**** Data provided
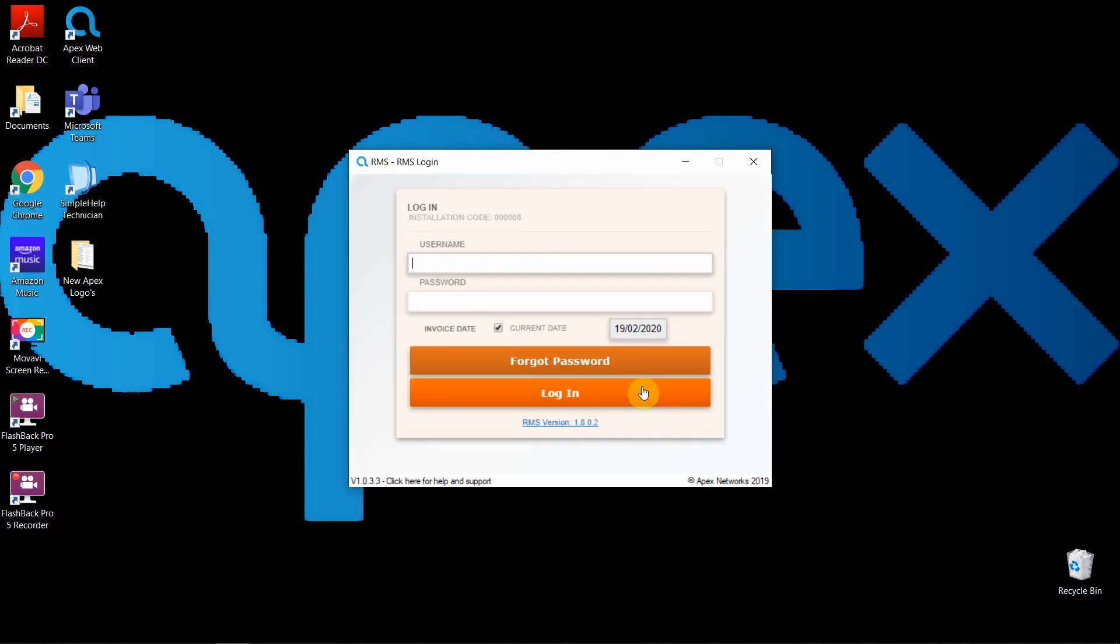This will now bring up your login screen. Each of your system users should have their own login and password. This stops two people trying to log onto the same profile and also allows you to set individual system permissions for each user. We will come to the section of the system called roles and permissions in a tutorial video later on.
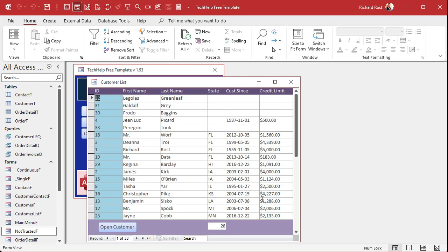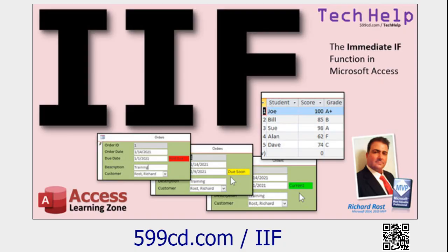The problem is that the count function doesn't really care about what your criteria is — it just cares about getting a true or false value back. If state equals Florida is true, that returns negative one in Access, which adds to the count. If it returns false — say you're dealing with Hawaii — that's a zero, which is also counted as a record. Count just counts the number of records. We're getting 28 because five records have null values, and nulls do not add to the count.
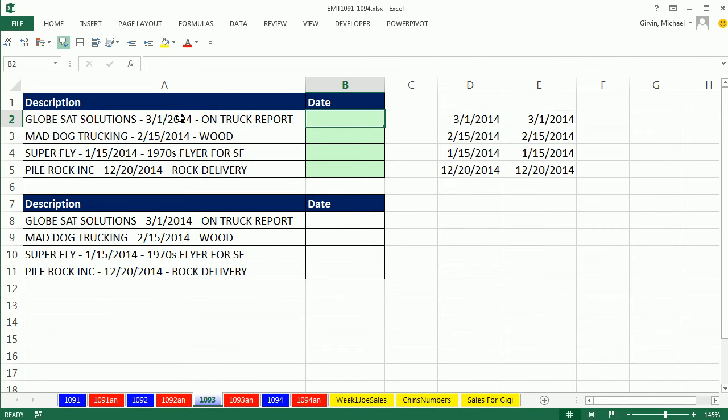In this video, we have some descriptions and we need to get the date out of the description into a column.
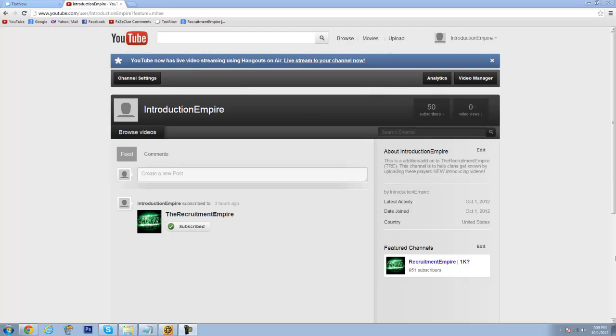So far I started the channel today on October 1st and have 50 subs, which is awesome. I thank the community so much for that. And looking forward to making this channel more successful.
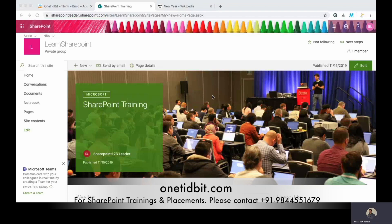Hello everyone. In this video we will see how to create a countdown timer for the upcoming new year. To create this countdown timer we need communication sites in SharePoint. There are modern web parts available, such as countdown timer, weather, and Twitter integration. So let's see how to create a countdown timer now.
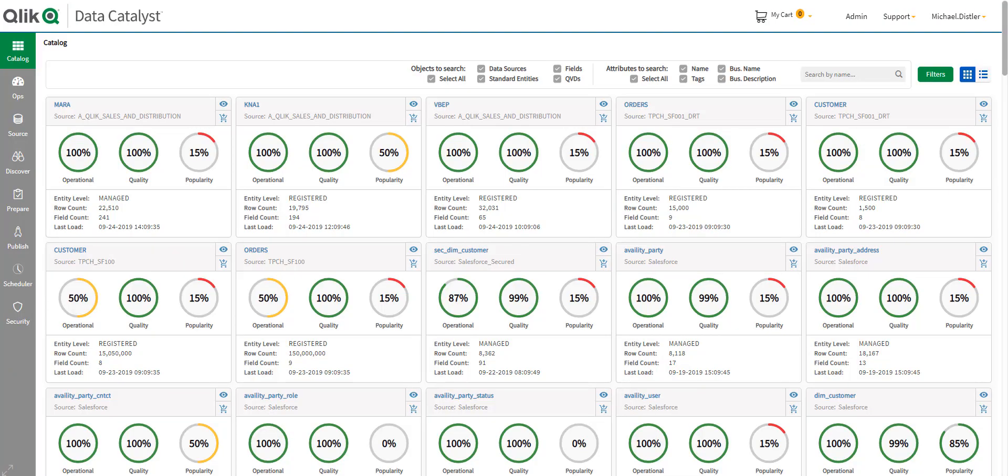In the last demo, we were able to automate the creation of an analytics-ready datamart. The next step in enabling DataOps is to provide a governed self-service catalog that data consumers can use to find and select the data they need.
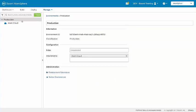So in your training account, you should have a production environment with the AtomCloud attached. I'm going to create a new environment to demonstrate how we would do this.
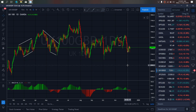On UK100 today, we are presently giving us a flat structure on the daily time frame. Once we are through with this structure, we expect more drops on UK100.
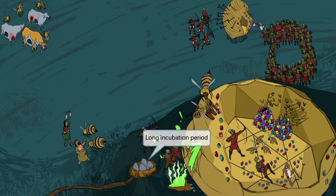A long branch with a bird's nest on the end is used to represent incubation — like incubating chicken eggs. The fact that the branch is long indicates the incubation period is long. So from the time the patient contracts hepatitis B to the time they have active infection, it is considered a long incubation period.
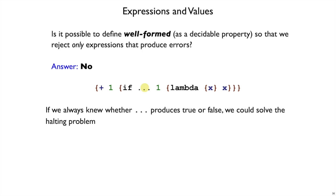We need a way out, and the way out is going to be to reject all of the expressions that produce errors, and also reject a few more. That turns out to be tractable, and that's what a type system does.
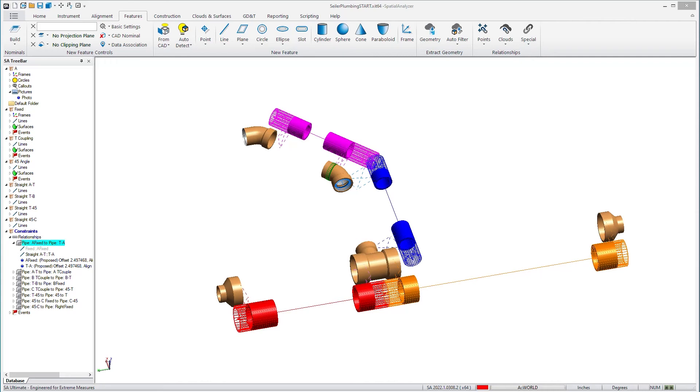In the 2022.1 version of SA, we've done updates to pipe relationships and pipe fitting and added MP scripting control.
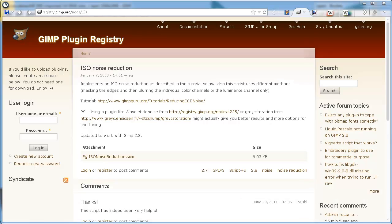Alright, so right now I'm on the GIMP plugin registry. This is where, if you want to find GIMP plugins, it's here. It's really hard to navigate because you have to know what you're looking for, then find it on Google. In this current state, it's just not that usable.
********
## Exercise requirements:
Output exactly the lines above, from the line with "In this video, we" to the line with "Hello everyone. In", both included; skip the pictures.

## Written solution:
In this video, we have some descriptions and we need to get the date out of the description into a column.
So far I started the channel today on October 1st and have 50 subs, which is awesome. I thank the community so much for that. And looking forward to making this channel more successful.
Hello everyone. In this video we will see how to create a countdown timer for the upcoming new year. To create this countdown timer we need communication sites in SharePoint. There are modern web parts available, such as countdown timer, weather, and Twitter integration. So let's see how to create a countdown timer now.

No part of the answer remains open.